Beyond Shakespeare: a meander around Stratford-upon-Avon

Stratford-upon-Avon is world famous, thanks to a certain Elizabethan playwright. I have spent years visiting family here, and finally moved to the town last summer, partly to escape from London rent, and partly for the promise of more space, more air, and more walking. For a small town, it’s a remarkable place for meandering walks that take you from town to country and back again in the turn of a corner or two. You can get lost among chocolate-box Tudor buildings and down pokey alleyways, around the canal, over the twists of the River Avon, through allotments and meadows, past Victorian mansions and houseboats and new-build estates.

The town has found uses for old paths. Part of what was once a horse-drawn wagonway is now the Tramway, and forms a bridge and busy tree-lined walk away from the town, flanked by a pub, sports centres and playgrounds. Cross the Avon near the Holy Trinity Church, the picturesque resting place of you-know-who, and you can wind down to the Greenway, which was part of the Honeybourne Railway, until it closed in 1976. Now, it is a popular path that stretches for five miles, all the way to Long Marston, and part of the West Midlands Cycle Route, linking Oxford and Derby via Birmingham. By and large, there is a respectful co-mingling of bikes, dogs, pushchairs and people.

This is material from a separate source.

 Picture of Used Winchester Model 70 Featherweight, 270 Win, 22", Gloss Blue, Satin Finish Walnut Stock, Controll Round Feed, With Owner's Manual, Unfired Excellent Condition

If you start to walk in town, then the contrast between the Avon where it is wide and busy with boats and swans and tourists, and the wilder parts that wind past and through the Greenway, is remarkable. On the Stratford side, the Greenway begins now with Bobby’s, a new-ish cafe in a striking old railway carriage that serves some of the best coffee around.

The path soon reaches the racecourse, and if it’s race day, and the timing is right, the horses might gallop past, close enough to startle with their noise and power, like thunder rolling in. There is farmland across the way, and cows in the distance, and sheep and lambs closer, depending on the season. Sometimes you can hear the skylarks, if you know what you’re listening for. It is town and country, all in one.